She shouldn’t let her regrets destroy her fragile hold on the future. Markos and his fictitious “treasure” could get her—and her son—killed.
Never again. Never…
The colonel slipped back into bed, garlic on his breath. He wove his arm around her. “You are so warm.”
She willed her heart to slow.
He ran his hand down her hair. “I have decided that you will come with me when I leave.”
She nodded. “And Dino?”
He sighed. “If he must.”
She splayed her hand over his chest. “I’ve heard the partisans will—hurt women like me.”
His chest rose and fell. “I, too, have heard the threats.” He nudged her chin up, her eyes to his, and she blinked at the concern—or perhaps possession—in them. “If something should happen, you must go to the monastery. I will tell my men to protect you. There you will be safe.”
She didn’t know what to think as he rolled over onto one elbow, above her. “I won’t let anything happen to you.”
Outside, lightning flashed against the window, behind it again the soft rumble of thunder. Rain wept upon the olive grove.
CHAPTER 24
Ari’s beaten body hung from the bell tower in the city square, swinging with the nudge of the wind in the soggy air.
A few women threw stones at the seagulls and crows that settled on his head, his shoulders. More knelt in the square, covered in black, their faces scarred with the rending of their own nails, their wailing echoing against the stones.
Gestapo set up a perimeter below him, their presence probably designed to thwart attempts to cut him down.
Even Sofia could feel the tremor of hatred, more than fear, pulsing through the crowd.

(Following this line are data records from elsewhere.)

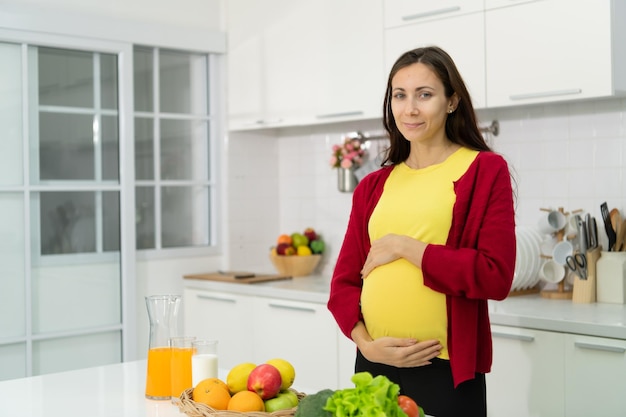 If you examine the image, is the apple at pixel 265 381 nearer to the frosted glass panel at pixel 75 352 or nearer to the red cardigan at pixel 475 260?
the red cardigan at pixel 475 260

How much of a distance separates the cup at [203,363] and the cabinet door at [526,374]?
1357mm

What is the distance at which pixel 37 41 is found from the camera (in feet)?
12.4

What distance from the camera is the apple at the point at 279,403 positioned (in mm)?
1662

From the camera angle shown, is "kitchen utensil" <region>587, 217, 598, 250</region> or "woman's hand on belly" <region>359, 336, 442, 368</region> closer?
"woman's hand on belly" <region>359, 336, 442, 368</region>

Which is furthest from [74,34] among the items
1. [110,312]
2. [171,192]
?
[110,312]

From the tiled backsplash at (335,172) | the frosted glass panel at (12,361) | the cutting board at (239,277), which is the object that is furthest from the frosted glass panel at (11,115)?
the tiled backsplash at (335,172)

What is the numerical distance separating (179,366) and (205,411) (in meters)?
0.27

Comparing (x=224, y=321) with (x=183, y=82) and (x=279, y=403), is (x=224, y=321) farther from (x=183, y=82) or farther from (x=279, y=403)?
(x=279, y=403)

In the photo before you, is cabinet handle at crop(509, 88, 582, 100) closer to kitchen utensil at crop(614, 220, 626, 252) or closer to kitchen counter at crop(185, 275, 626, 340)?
kitchen utensil at crop(614, 220, 626, 252)

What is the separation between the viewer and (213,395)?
1.70 m

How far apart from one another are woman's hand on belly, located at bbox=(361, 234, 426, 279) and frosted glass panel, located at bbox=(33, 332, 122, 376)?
220cm

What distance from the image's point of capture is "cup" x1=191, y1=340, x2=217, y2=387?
189 cm

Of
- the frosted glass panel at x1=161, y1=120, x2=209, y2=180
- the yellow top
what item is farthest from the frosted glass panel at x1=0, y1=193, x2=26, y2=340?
the yellow top

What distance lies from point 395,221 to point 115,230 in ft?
7.37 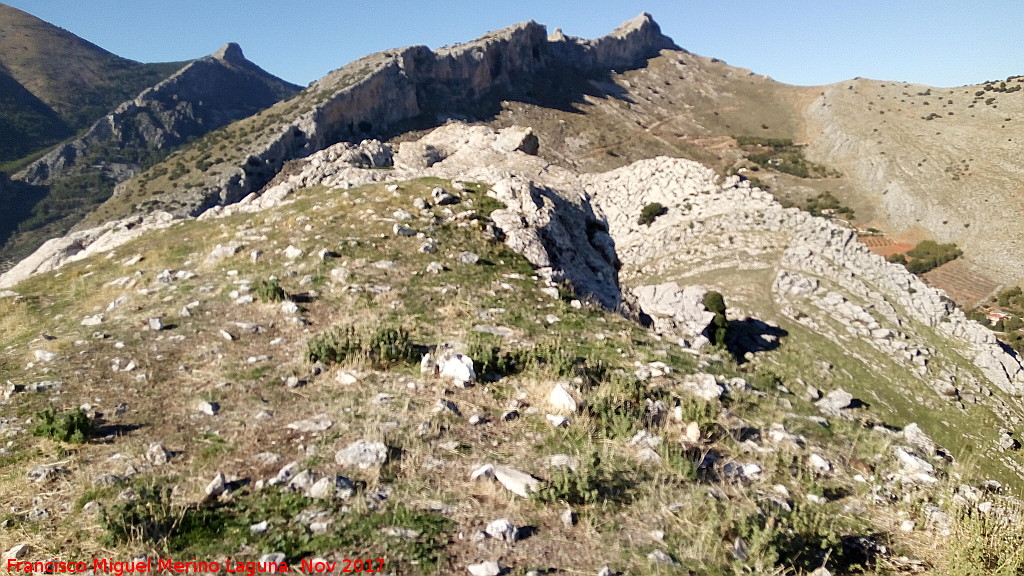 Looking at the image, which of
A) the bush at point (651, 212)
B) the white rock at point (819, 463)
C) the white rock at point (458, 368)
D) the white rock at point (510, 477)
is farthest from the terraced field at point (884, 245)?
the white rock at point (510, 477)

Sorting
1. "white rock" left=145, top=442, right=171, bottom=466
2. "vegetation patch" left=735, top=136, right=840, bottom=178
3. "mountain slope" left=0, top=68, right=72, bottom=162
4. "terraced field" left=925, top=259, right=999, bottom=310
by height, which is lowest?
"terraced field" left=925, top=259, right=999, bottom=310

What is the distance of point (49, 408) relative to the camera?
243 inches

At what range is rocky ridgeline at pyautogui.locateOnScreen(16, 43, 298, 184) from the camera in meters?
110

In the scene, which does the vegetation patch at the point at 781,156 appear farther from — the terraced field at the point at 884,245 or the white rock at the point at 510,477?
the white rock at the point at 510,477

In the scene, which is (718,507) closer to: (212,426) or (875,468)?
(875,468)

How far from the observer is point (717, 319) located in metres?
28.6

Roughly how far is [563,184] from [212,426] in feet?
51.0

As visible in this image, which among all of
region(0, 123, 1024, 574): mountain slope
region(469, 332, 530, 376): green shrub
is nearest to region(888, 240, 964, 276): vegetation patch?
region(0, 123, 1024, 574): mountain slope

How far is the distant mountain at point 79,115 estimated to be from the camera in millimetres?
98750

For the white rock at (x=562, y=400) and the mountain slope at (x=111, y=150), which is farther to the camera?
the mountain slope at (x=111, y=150)

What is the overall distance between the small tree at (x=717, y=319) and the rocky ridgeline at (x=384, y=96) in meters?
67.4

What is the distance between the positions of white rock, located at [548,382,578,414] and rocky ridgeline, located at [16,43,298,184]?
137m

She cupped her hand over Dino’s eyes and pushed his head into her shoulder as she hustled him past the square, toward the olive grove. Behind her, the late afternoon sun dipped into the sea, crimson fingers reaching across the waves.

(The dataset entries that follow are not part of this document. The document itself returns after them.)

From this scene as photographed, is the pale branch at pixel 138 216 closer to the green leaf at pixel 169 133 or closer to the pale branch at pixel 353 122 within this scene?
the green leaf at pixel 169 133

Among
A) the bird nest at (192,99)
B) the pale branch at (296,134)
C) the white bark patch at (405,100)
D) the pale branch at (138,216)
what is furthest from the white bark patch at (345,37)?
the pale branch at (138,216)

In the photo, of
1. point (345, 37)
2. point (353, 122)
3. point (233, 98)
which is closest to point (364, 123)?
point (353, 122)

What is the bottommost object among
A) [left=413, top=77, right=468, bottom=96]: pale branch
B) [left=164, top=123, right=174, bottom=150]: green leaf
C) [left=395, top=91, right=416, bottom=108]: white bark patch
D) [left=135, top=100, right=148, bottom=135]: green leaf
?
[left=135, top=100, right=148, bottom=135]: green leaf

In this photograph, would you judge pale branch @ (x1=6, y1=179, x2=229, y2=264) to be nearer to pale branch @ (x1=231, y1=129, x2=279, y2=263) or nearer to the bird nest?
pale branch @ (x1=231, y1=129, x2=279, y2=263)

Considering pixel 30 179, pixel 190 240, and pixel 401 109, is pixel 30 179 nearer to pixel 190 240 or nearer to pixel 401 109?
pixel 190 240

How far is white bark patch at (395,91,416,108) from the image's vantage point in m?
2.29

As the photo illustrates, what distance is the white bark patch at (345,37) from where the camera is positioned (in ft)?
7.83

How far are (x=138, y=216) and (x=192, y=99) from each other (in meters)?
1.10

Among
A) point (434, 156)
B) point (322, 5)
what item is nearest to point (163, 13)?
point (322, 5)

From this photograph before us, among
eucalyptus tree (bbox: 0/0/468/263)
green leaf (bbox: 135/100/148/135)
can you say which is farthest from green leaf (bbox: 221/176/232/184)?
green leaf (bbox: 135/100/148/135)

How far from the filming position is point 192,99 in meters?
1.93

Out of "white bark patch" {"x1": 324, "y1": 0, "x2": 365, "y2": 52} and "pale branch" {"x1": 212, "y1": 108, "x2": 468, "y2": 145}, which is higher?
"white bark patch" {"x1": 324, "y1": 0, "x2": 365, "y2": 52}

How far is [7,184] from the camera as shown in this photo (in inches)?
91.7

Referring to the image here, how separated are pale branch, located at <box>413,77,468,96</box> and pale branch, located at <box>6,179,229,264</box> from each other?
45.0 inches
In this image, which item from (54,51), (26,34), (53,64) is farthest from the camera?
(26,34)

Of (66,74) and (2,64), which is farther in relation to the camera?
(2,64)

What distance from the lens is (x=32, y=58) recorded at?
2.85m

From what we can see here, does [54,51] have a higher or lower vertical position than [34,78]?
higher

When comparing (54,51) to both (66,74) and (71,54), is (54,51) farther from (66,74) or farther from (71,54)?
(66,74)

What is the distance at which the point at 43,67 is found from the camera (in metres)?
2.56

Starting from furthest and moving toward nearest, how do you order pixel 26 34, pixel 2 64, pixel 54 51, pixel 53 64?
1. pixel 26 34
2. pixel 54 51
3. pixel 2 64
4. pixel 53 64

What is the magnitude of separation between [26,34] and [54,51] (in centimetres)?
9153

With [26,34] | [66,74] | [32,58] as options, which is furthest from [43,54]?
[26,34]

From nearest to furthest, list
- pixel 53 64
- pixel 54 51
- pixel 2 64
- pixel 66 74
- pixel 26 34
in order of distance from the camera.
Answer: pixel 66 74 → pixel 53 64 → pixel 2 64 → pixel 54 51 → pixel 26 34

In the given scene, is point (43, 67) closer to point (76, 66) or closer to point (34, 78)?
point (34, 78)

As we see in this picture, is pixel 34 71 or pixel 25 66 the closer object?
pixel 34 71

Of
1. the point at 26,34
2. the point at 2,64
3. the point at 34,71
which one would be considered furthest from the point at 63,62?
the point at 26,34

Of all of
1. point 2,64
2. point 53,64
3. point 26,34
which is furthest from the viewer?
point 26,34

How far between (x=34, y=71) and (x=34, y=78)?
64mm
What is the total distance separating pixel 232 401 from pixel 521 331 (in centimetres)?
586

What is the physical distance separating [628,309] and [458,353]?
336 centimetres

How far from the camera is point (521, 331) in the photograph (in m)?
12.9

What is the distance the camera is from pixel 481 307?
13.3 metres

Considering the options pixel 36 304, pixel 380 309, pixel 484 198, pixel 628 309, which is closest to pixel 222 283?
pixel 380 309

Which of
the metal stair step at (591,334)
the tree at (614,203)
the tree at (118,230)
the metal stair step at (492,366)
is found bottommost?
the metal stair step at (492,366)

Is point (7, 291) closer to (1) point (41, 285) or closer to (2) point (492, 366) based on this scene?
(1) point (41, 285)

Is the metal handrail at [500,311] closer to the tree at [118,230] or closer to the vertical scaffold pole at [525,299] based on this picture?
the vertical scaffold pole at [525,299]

“You’re hurting me, Mama.”
“
Shh
, Dino, it’ll be okay.”
God will deliver us.
She pushed the words from her head. Ava, again, trying to beguile her into faith.
His little legs clamped around her, his arms sweaty on her neck even as the sun scraped up Ari’s odor and lashed it into the crowd. Her eyes watered and she set off at a run.

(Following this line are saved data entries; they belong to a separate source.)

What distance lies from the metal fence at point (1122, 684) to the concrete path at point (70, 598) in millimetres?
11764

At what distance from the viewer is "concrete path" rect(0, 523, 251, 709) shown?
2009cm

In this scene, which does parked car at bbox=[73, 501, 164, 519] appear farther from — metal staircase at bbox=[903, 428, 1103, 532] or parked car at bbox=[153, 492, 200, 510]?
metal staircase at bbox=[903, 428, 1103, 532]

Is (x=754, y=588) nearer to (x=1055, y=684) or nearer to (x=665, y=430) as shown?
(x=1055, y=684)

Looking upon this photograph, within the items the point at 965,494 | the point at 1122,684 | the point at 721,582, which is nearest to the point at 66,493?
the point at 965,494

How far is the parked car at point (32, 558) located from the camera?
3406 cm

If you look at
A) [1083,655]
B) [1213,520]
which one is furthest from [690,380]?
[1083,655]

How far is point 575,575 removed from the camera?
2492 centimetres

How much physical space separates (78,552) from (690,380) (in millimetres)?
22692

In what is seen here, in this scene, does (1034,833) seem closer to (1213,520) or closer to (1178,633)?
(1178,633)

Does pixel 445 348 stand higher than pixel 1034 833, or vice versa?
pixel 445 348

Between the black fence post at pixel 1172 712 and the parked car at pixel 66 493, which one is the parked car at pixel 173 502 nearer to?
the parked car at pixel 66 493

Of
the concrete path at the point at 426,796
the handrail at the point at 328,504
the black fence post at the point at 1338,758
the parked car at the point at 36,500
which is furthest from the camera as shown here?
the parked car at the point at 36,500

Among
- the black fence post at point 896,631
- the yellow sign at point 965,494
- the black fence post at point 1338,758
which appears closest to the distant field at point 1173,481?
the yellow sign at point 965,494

Dino struggled in her arms, and her hand ached where she’d drawn a blade across it today. She’d wrapped it in a towel, but it still burned.
“I want to see Auntie Zoë.”
“She’ll have some goat’s milk and currants waiting for you when we get home.” Please, don’t let Zoë have seen Ari’s body today. Sometimes she seemed so fragile, and Ari’s death—
“Sofia!”
Lucien’s voice emerged, and she startled at the sight of him, his hair tucked under a fisherman’s cap, his knit sweater warmer than necessary for such a hot day. He shoved his hands into his pockets, hunched his shoulders, fell into step beside her. “What did you find out?”
“Go away, Lucien.” She strode out ahead of him, her breath coming hard. Of course, the colonel had to show up for lunch today, catch her hand, remind her of their conversation.
And her foolishness.
Every eye had simmered on her as the colonel pulled her onto his lap, threaded his hand into her hair.
Mine.
“Did you do it?”
“Please, Lucien. Leave me alone.”
He clamped her arm, yanked her to a stop. “It’s important, Sofia.”
“So is my son!” She gulped back her words, thankful they’d left the town. Her voice lowered to a hiss. “Did you not see Ari…?” her eyes burned.
He had the decency to duck his head.
“I need to get Dino home for his nap.”
She met his eyes, too much hope in them.
“I will come by tonight—late.”
“You’ll get us all killed.”
“Tomorrow night then—come to the feast. Certainly the colonel will allow you to honor the Feast of the Cross. Please—”
She shook off his hand and continued up the hill. Lucien disappeared somewhere along the way. She drew in a breath.
She hadn’t asked about Markos. Hadn’t wondered where he was. Hadn’t uttered his name.
See, he could die to her again. She would live through it.
She ground her jaw against the burn in her throat. At least he was taking her at her word to leave her alone.
Little Dino’s body slumped against her, sleep nearly upon him as she reached the house. The stone walls had stored the cool breezes from the sea, and Zoë had baked fish, cut up cucumbers and feta cheese to add to the currants. Sofia sat on the bench at the table as Zoë took Dino from her arms, roused him awake enough to drink the milk.
“I’ll settle him into bed.” She hummed into his ear as she carried him down the hall.
Sofia unwrapped the cloth from her hand. The cut had opened, and now blood trickled down her palm. A foolish wound from cleaning fish.
And not paying attention.
And seeing Ari’s body swinging in the breeze.
And listening to the colonel in her head.
Mine.
She hung her head, sickened. Not his. She belonged to no one…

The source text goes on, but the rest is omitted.